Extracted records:
■ ■ ■ ■ ■ ■ ■

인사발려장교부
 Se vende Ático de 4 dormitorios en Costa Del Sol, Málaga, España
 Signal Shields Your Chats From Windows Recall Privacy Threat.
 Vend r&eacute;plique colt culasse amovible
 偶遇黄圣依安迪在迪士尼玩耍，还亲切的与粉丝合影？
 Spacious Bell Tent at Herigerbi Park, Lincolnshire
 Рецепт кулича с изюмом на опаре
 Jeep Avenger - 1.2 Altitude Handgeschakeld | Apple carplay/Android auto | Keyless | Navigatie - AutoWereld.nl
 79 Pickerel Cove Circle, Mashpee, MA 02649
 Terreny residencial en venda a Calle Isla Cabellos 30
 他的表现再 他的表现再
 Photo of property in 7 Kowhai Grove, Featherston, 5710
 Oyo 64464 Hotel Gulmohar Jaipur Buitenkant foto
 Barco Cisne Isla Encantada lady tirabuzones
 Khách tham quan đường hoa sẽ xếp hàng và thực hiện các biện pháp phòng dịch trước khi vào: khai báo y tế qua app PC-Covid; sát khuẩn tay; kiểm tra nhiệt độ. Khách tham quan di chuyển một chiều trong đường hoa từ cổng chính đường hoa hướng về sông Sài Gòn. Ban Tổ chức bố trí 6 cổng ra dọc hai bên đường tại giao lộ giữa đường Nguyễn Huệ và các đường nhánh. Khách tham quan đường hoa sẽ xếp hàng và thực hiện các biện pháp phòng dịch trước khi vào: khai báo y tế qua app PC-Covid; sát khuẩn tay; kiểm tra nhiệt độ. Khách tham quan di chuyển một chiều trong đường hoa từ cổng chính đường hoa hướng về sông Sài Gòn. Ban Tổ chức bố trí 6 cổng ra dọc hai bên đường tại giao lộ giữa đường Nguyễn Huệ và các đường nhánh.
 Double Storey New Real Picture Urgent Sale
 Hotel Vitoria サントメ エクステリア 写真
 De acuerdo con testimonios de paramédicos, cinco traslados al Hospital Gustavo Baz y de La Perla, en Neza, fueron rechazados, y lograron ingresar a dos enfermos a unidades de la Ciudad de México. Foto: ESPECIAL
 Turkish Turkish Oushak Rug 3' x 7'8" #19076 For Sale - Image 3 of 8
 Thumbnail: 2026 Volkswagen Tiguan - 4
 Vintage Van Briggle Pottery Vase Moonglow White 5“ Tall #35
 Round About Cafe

■ ■ ■ ■ ■ ■ ■

WHAT IS REQUIRED: Every entry shown earlier is to be returned exactly, line for line.

SOLUTION:
인사발려장교부
 Se vende Ático de 4 dormitorios en Costa Del Sol, Málaga, España
 Signal Shields Your Chats From Windows Recall Privacy Threat.
 Vend r&eacute;plique colt culasse amovible
 偶遇黄圣依安迪在迪士尼玩耍，还亲切的与粉丝合影？
 Spacious Bell Tent at Herigerbi Park, Lincolnshire
 Рецепт кулича с изюмом на опаре
 Jeep Avenger - 1.2 Altitude Handgeschakeld | Apple carplay/Android auto | Keyless | Navigatie - AutoWereld.nl
 79 Pickerel Cove Circle, Mashpee, MA 02649
 Terreny residencial en venda a Calle Isla Cabellos 30
 他的表现再 他的表现再
 Photo of property in 7 Kowhai Grove, Featherston, 5710
 Oyo 64464 Hotel Gulmohar Jaipur Buitenkant foto
 Barco Cisne Isla Encantada lady tirabuzones
 Khách tham quan đường hoa sẽ xếp hàng và thực hiện các biện pháp phòng dịch trước khi vào: khai báo y tế qua app PC-Covid; sát khuẩn tay; kiểm tra nhiệt độ. Khách tham quan di chuyển một chiều trong đường hoa từ cổng chính đường hoa hướng về sông Sài Gòn. Ban Tổ chức bố trí 6 cổng ra dọc hai bên đường tại giao lộ giữa đường Nguyễn Huệ và các đường nhánh. Khách tham quan đường hoa sẽ xếp hàng và thực hiện các biện pháp phòng dịch trước khi vào: khai báo y tế qua app PC-Covid; sát khuẩn tay; kiểm tra nhiệt độ. Khách tham quan di chuyển một chiều trong đường hoa từ cổng chính đường hoa hướng về sông Sài Gòn. Ban Tổ chức bố trí 6 cổng ra dọc hai bên đường tại giao lộ giữa đường Nguyễn Huệ và các đường nhánh.
 Double Storey New Real Picture Urgent Sale
 Hotel Vitoria サントメ エクステリア 写真
 De acuerdo con testimonios de paramédicos, cinco traslados al Hospital Gustavo Baz y de La Perla, en Neza, fueron rechazados, y lograron ingresar a dos enfermos a unidades de la Ciudad de México. Foto: ESPECIAL
 Turkish Turkish Oushak Rug 3' x 7'8" #19076 For Sale - Image 3 of 8
 Thumbnail: 2026 Volkswagen Tiguan - 4
 Vintage Van Briggle Pottery Vase Moonglow White 5“ Tall #35
 Round About Cafe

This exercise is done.